Until recently, Spain’s run of solid economic growth, along with its multicultural tradition, seemed to inoculate it from the right-wing contagion spreading in other parts of Europe. In 2018, however, Spain received more migrants than any country in Europe, with most crossing from Morocco into Andalusia. That helps to explain Vox’s rise, but the party’s agenda goes beyond immigration. It inveighs against Catalan secession as much as it does against foreigners. Its leaders assail feminists and gay rights, defend gun ownership and bullfighting and call for Spain to assert sovereignty over Gibraltar. And it has capitalized on public anger at corruption scandals involving politicians from traditional parties.

The emergence of Vox highlights the reach and potency of European populism, even in countries that have long been immune to it. It demonstrates that the appeal of far-right parties is not just about Euroskepticism or restricting immigration. Voters often gravitate to populist alternatives for parochial reasons, having more to do with local grievances than with global trends.

To an extent, the disparate nature of populism has led some pro-European political leaders to underestimate the seriousness of the challenge. It’s also why trying to fashion a response remains so difficult.

European populists share some common goals. Like Donald Trump and Brazil’s Jair Bolsonaro, they aim to upend the political order, rattle elites and defend traditional culture from perceived external threats. But populism is far from monolithic. Right-wing populists like Vox and Alternative for Germany support steep tax cuts and reductions in public spending, while other anti-establishment parties that have risen to power, including Italy’s Five Star Movement and Spain’s Podemos, favor redistributive economic policies, with a heavy role for the state.

Disagreements among populists exist on how to address climate change and gay marriage. Some are openly supportive of Vladimir Putin’s Russia (Italy’s Matteo Salvini, Hungary’s Viktor Orban), while others call for confrontation (Poland’s Law and Justice party). Even on their signature issue, immigration, Europe’s populists diverge on how best to handle migrants from Africa, Asia and the Middle East. Italy’s populist government has called for new arrivals to be distributed across the bloc, rather than processed in the country in which they enter — an idea that Hungary and Poland adamantly oppose.

Unlike Europe’s established parties on the center-right and center-left, which have historic ties to institutions like trade unions and churches, populist parties lack well-defined constituencies.
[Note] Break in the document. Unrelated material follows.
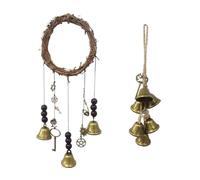 2 Pezzi Scacciapensieri da Appendere, Campane Della Strega, Rattan + Corda di Canapa + Lega + Placcatura in Ferro, Decorazione Domestica di Stregoneria, per la Finestra del Giardino del Portico (Oro)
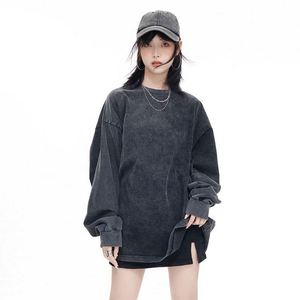 230g Cotton Casual Heavy Dressed T-shirt Long Sleeve Large Size Shoulder-<b>drop</b> Washed Vintage Autumn Loose Fit T Shirts - Product Image 1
A 2018 study of voters in 11 Western European countries found that on a demographic and ideological basis, supporters of populist parties had almost nothing in common with each other.
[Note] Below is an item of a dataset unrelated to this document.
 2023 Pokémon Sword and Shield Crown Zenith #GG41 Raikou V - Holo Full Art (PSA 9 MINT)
To disaffected voters, however, ideological cohesion matters less than the promise of disruption. In the last decade, populists have catalyzed and benefited from the fragmentation of Europe’s party system. Two anti-establishment parties from opposite ends of the ideological spectrum, The League and the Five Star Movement, now run Italy’s government. Populists are in power in Poland and Hungary and are part of ruling coalitions in the Czech Republic, Latvia, Slovakia and Estonia.

Since 2000, the number of governments with populists in their cabinets has doubled, to at least 15 — and their ranks are likely to grow. An analysis of election results in 31 countries over the last two decades found that support for populist parties in Europe has risen from 7% in 1998 to some 25% today.
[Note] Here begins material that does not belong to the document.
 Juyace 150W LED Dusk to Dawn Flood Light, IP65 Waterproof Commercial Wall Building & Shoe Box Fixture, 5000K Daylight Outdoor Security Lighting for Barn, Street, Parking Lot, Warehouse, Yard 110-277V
As they gain ground in national elections, populists are attempting to join forces across borders. Salvini, Italy’s nationalist deputy prime minister and interior minister, has courted Hungary’s Orban and forged an alliance with Poland’s ruling Law and Justice Party. He has also angered French President Emmanuel Macron by meeting with leaders of the yellow-vest movement, which continues to stage violent protests against Macron.

With far-right parties from Germany, Denmark and Finland, Salvini has launched a new continent-wide coalition, the European Alliance of People and Nations. France’s National Rally, led by Marine Le Pen, has joined Salvini’s alliance, as have smaller nationalist parties in southern and central Europe. Their aim was to galvanize Euroskeptic voters in advance of this week’s elections to the European Parliament and create, for the first time, a unified nationalist bloc in the 751-seat chamber.

A study by the European Council on Foreign Relations projects that Euroskeptic parties are on track to win more than one-third of the seats in the parliament. A voting bloc of that size would have the power to block regulations, overturn EU budget decisions and reshape the composition of the European Commission. It would likely seek to weaken the EU’s efforts to sanction member states for flouting democratic norms — as the current parliament has tried to do with Poland and Hungary — and reduce development aid to non-EU countries. On issues like migration, defense, cybersecurity and the environment, the increased clout of nationalist parties will make it harder for the EU to speak with a single voice.

How much long-term damage this might do to the European project is debatable. The remoteness of EU institutions makes them an easy target for populists. Yet 60% of Europeans believe EU membership is a good thing, up 13 points since 2011. While a handful of parties, like the Party for Freedom in the Netherlands, advocate their countries’ withdrawal from the EU, the vast majority of populists prefer to stay in the union. Italy’s Salvini, whose party has called the euro “the main cause of our economic decline,” has more recently dropped his threat to exit the common currency.

Disagreements over Europe could compromise the populists’ ambitions to act collectively in the Parliament — as mainstream parties across the continent (and the U.K.) have learned the hard way. And adopting obstructionist stances that stall passage of the union’s roughly 140 billion-euro annual budget, or block policy making on trade and taxation, could backfire against populist leaders if European economies suffer as a result.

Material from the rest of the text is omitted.